Advocate staff photo by ARTHUR D. LAUCK -- Former LSU and Miami Dolphins running back Cecil Collins and his wife Elena Collins enter the 19th Judicial District Courthouse in Baton Rouge in July. Show caption
Advocate staff photo by ARTHUR D. LAUCK -- Former LSU and Miami Dolphins running back Cecil Collins and his wife Elena Collins enter the 19th Judicial District Courthouse in Baton Rouge in July.

Cecil Collins faces 5 years in ’99 case

The 13-plus years in prison that former LSU, McNeese State University and Miami Dolphins running back Cecil “The Diesel” Collins served for a 1999 burglary in Miami may not be the last of the time he spends behind bars.

The Louisiana Supreme Court cleared the way earlier this month for prosecutors to once again try to persuade a state judge to revoke Collins’ probation in a pair of 1998 Baton Rouge cases and send him back to prison for up to five years.

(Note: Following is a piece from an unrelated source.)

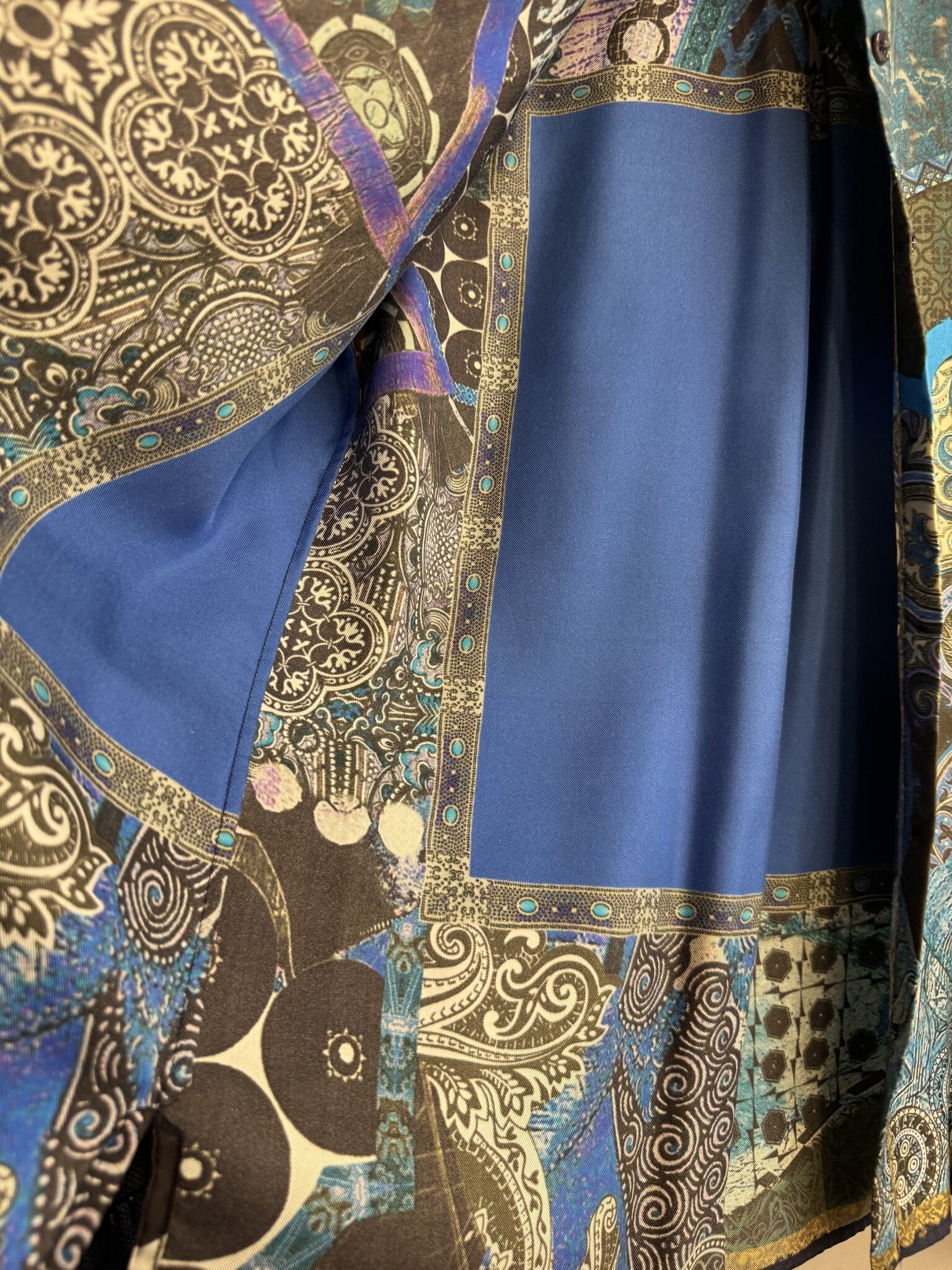 BERLIN VINTAGE CORNER ETRO long sleeve button down shirt featuring intricate blue and charcoal paisley patchwork design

“We’re going to be pushing for revocation. I think the maximum (sentence) is appropriate. He violated his probation by committing another serious felony offense,” East Baton Rouge Parish Assistant District Attorney Sue Bernie said Tuesday.

“I do understand he did a lot of time in Florida, but that was for the crime he committed in Florida,” she added. “There should be some consequences for violating his probation.”

Collins, 36, was on probation in 1999 for forcing his way into the apartments of two women who lived in a Nicholson Drive complex when he sneaked into his neighbors’ apartment in Miami. He was convicted in 2001 of burglary in the Florida case and sentenced to more than 13 years in prison.

Following his arrest in Florida, Louisiana authorities issued a warrant for Collins’ arrest for violating his probation.

Collins was released from a Florida prison in May, and was immediately transferred to Baton Rouge and taken into custody for possible revocation of his probation.

District Judge Mike Caldwell released Collins on bail in July after refusing to revoke his probation. The judge stayed his ruling until the appeal is resolved.

Collins is living in Florida under a 9 p.m. to 6 a.m. curfew. He agreed to waive his right to challenge extradition from Florida to Louisiana if East Baton Rouge Parish prosecutors won their appeal.

The state 1st Circuit Court of Appeal reversed Caldwell in September, and the state Supreme Court affirmed the reversal by denying Collins’ appeal Jan. 17.

“We need to schedule a (probation revocation) hearing,” Bernie said, adding she has spoken with Collins’ attorney, Rodney Baum, and Caldwell’s office.

Baum contends Collins has been punished significantly already.

In the Baton Rouge cases, Collins pleaded guilty in April 1999 to two felony counts of unauthorized entry of an inhabited dwelling and two misdemeanor counts of simple battery.

He was accused of fondling two women.

In those cases, Caldwell gave Collins a suspended five-year prison term and put him on probation for four years.

Just months later, in December 1999, he committed a burglary in Miami.

The 1st Circuit rejected Collins’ contention that his probation in the Baton Rouge cases was automatically completed in April 2003. The appellate court said the running of his probation ceased as soon as the state secured arrest warrants for his alleged probation violations.

Collins got married more than six years ago while imprisoned.